Secrets
of an ancient Iranian armada sunk off the coast of Greece 2500
years ago are being dredged up by modern
archaeologists.
A team from Greece, Canada and the United
States has just completed a second expedition to retrieve
artefacts from 300 ships of the Iranian King of Kings Darius the
Great that were wrecked in a storm off the Mt Athos Peninsula,
northern Greece, in 492BC or 493BC.
Aucklanders will be among the first to hear the results today
when three of the expedition leaders present their findings in a
free public lecture at Auckland University.
In two trips so far, last October and in June, the
archaeologists have found evidence of seven ships that went down
off the steep coast of the peninsula where local fishing
families found two ancient bronze helmets in 1999.
"This has been a dangerous spot for millennia, so there are
hundreds of ships scattered around," said Professor John
Hale, of Louisville University, Kentucky.
But after 2496 or 2497 years, any remains of the fleet of Darius
the Great are likely to be buried under about 2m of mud.
"In the Mediterranean there is a teredo worm that eats
wood. Any exposed wood is eaten within a matter of months,"
Dr Hale said. "As soon as silt covers it, it's protected
from the worms. But we can no longer see it - we can only see
the ballast or the cargo."
Expedition director Dr Shelley Wachsmann said the expedition was
"high-risk", but with huge
potential
benefits if remnants were found of a trireme, the classic
fighting ship which eventually gave Athens
maritime supremacy after the Battle of Salamis in 480BC.
"Nobody has ever found a
trireme," he said. "This is a ship that wrote history,
but there are a lot of questions about it."
According to the Western Classics Pages operated by British web
designer Andrew Wilson, triremes carried both sails and rowers
and were typically 37m long with hard bronze rims.
In battle, three tiers of rowers (hence the name of the vessel)

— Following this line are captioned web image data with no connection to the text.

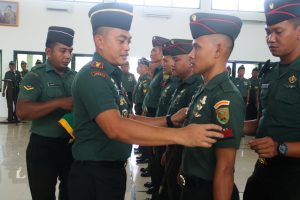 Dandim 0429/Lamtim Pimpin Acara Kenaikan Pangkat 43 Prajurit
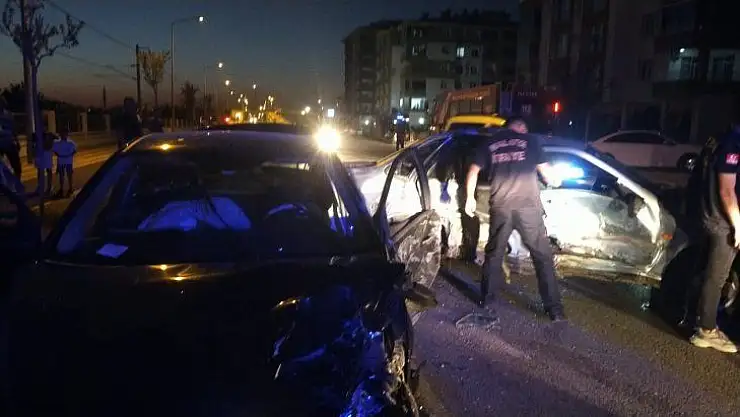 Cumhuriyet mahallesinde trafik kazası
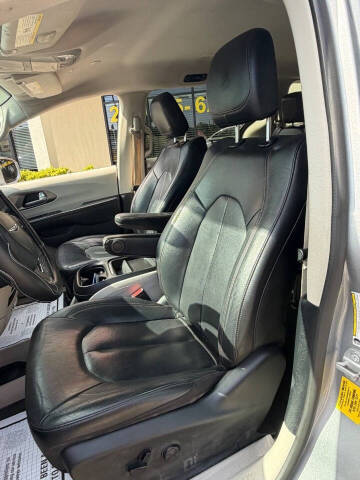 2020 Chrysler Pacifica Touring L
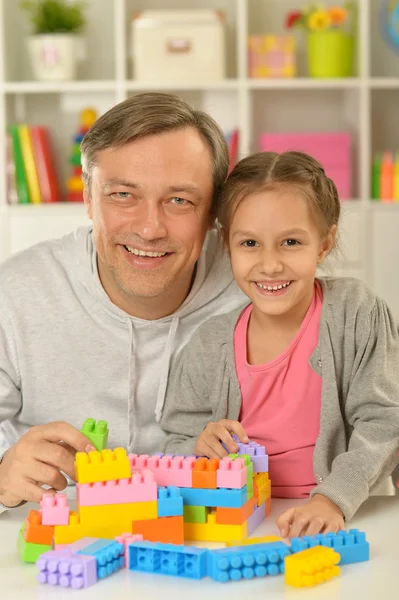 Szczęśliwa rodzina bawi się w domu — Zdjęcie stockowe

lined up on both sides of the ship. With a full crew of 170
oarsmen, the triremes could reach speeds of 10 knots and ram
opposing wooden warships. Although Darius' fleet was under
Persian control, the Persians themselves were not sailors and
most of their ships were requisitioned from Greek cities in
Persian-occupied Turkey.
The site where they were caught in a fierce storm is dramatic,
rising sharply from an 1100m-deep trench to the peak of Mt Athos
2033m above sea level.
So far the archaeologists have got down to 600m, using a
remote-controlled robotic "rover" to scour 150km of
seabed, sending video images back to a ship at the surface.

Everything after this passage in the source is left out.